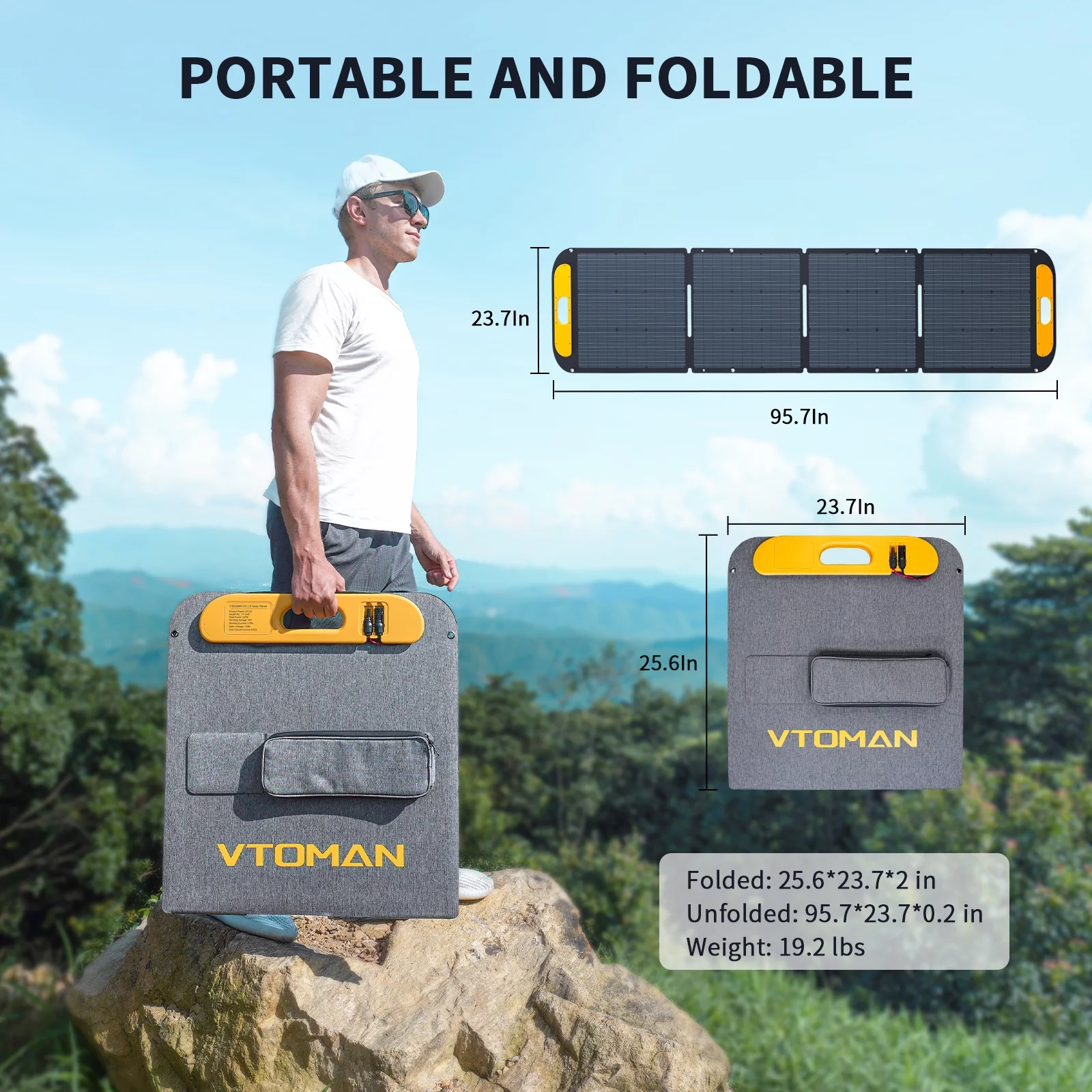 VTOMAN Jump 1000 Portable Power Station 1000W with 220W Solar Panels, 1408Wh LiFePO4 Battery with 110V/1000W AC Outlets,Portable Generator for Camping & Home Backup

==

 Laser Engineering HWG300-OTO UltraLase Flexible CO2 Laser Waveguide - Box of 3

--

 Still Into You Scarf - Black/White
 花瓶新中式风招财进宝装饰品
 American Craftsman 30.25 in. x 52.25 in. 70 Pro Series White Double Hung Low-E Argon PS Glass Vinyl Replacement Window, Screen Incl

## [ASSIGNMENT]
Say how many lines of the data hold the word "White", and leave out everything but the number.

## [WRITTEN SOLUTION]
2